The prior art includes several examples of positive disengagement clutches, or “quiet” clutches, for screw guns. Generally, these clutches include a mechanism for moving the clutch surfaces away from one another when they disengage to prevent the clutch surfaces from clashing. This positive disengagement leads to an extended life of the clutch and results in other desirable operating characteristics such as reduced noise and vibration.
U.S. Pat. Nos. 4,655,103, 4,809,572, and 4,947,714 disclose exemplary quiet clutches for screw guns. The '714 patent discloses a clutch with three clutching elements—a drive element, an intermediate element and an output element. To drive a screw, all three clutch elements are initially engaged with one another (see FIG. 2 of the '714 patent). At some point while driving the screw, torque causes the intermediate element and the output element to separate from each other due to the cam surfaces 30, 15 (see FIG. 3 of the '714 patent). When the screw is almost driven to its intended depth, the intermediate element and the output element slide axially forward away from the input element, following the screw into the work piece (see FIG. 4 of the '714 patent). When the screw reaches its intended depth, the input element and the intermediate element slip. Once the slip occurs, the torque is released and the separation between the output element and the intermediate element caused by the torque and the cam surfaces 30 and 15 is no longer present. A spring positioned between the input element and the intermediate element returns the intermediate element back together with the output element. This return creates a gap “s” between the input element and the intermediate element (see FIG. 5 of the '714 patent). The gap prevents clashing of the clutch surfaces during disengagement.
While the clutch described in the '714 patent prevents clashing of the clutch surfaces during disengagement, the contact area between the intermediate element and the output element in the '714 patent decreases as the intermediate element moves away from the output element. This decrease in the contact area leads to an additional increase in the stress which arises on the intermediate element and the output element from the transfer of torque from one to the other. The increased stress could lead to a decrease in the fatigue life of each part.
Clutch components such as the drive element, intermediate element and output element described in the '714 patent have been made from steel such as SAE 8620 steel. While this steel has been selected because of its desirable wear and fatigue properties, clutches in screw guns nevertheless remain one of the shortest-lived wear components in these tools. Breakdown of screw guns due to clutch failure causes the user to spend considerable time and money repairing the clutch or replacing the tool in its entirety.

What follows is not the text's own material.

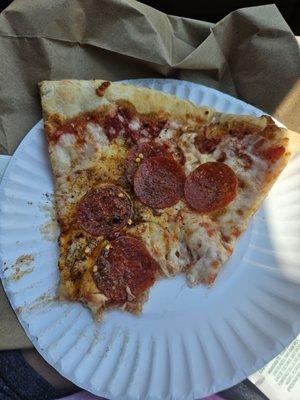 Large slice of pepperoni pizza (sorry I ate half)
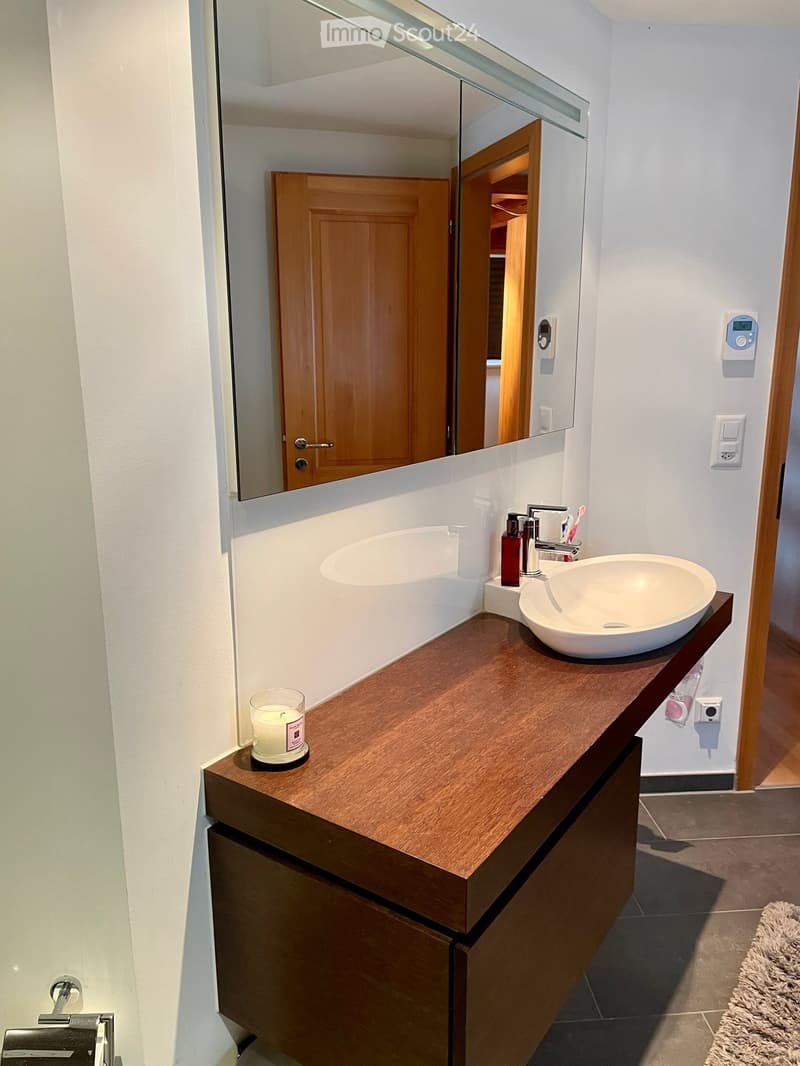Modern bathroom with a wooden vanity, double sink, large mirror, and various toiletries.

Screw gun clutches, as well as other high-wear components in power tools, would benefit from greater wear and fatigue resistance properties. Many high-wear components in hand-held power tools are especially sensitive to wear and fatigue because in hand-held power tools the weight and size of these components is typically minimized. Use of higher alloy steels can improve the wear and fatigue resistance of these components but does so typically at the expense of the cost competitiveness of the tool. Higher alloy steels can lead to greater initial manufacturing and inventory costs and increased difficulty in final machining.
The wear and fatigue resistance of screw gun clutches is improved herein through both improvements in the design of these clutches and improvements in the materials and manufacturing methods for producing them. These improvements are achieved with very little increase in the cost of the clutches.

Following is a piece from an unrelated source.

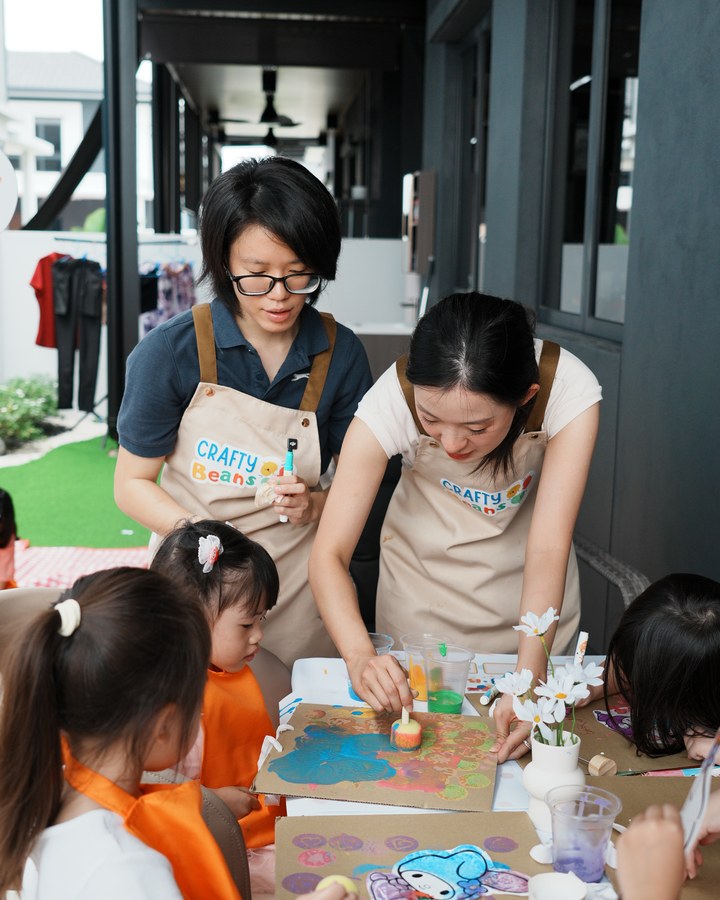 Facilitators helping children with a stamp painting activity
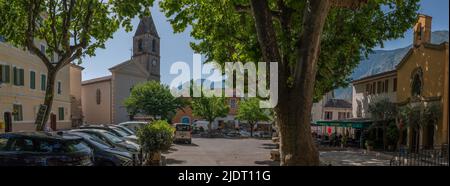 Panorama della piazza del villaggio di un villaggio di montagna nelle Alpi inferiori della Provenza, Francia con municipio, una chiesa e un ristorante. Foto Stock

Thus, one aspect of the invention is a clutch design which prevents clashing of the clutch surfaces during disengagement and is also more wear resistant than previous designs. This clutch design is also simple and inexpensive.

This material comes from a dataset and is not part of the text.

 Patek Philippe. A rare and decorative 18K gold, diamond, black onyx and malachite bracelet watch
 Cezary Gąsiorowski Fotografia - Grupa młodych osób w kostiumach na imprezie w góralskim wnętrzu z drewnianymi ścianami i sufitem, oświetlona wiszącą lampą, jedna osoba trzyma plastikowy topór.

Another aspect of the invention is materials and methods for manufacturing the components of the clutch. The components can be cast to near-net shape with a higher alloy steel, and can later be carburized or nitrided and subjected to other treating processes. In addition to screw gun clutches, these materials and methods are also applicable to other high-wear components in power tools generally, such as clutch components for drill/drivers and rotary ratchets for hammerdrills and hammers.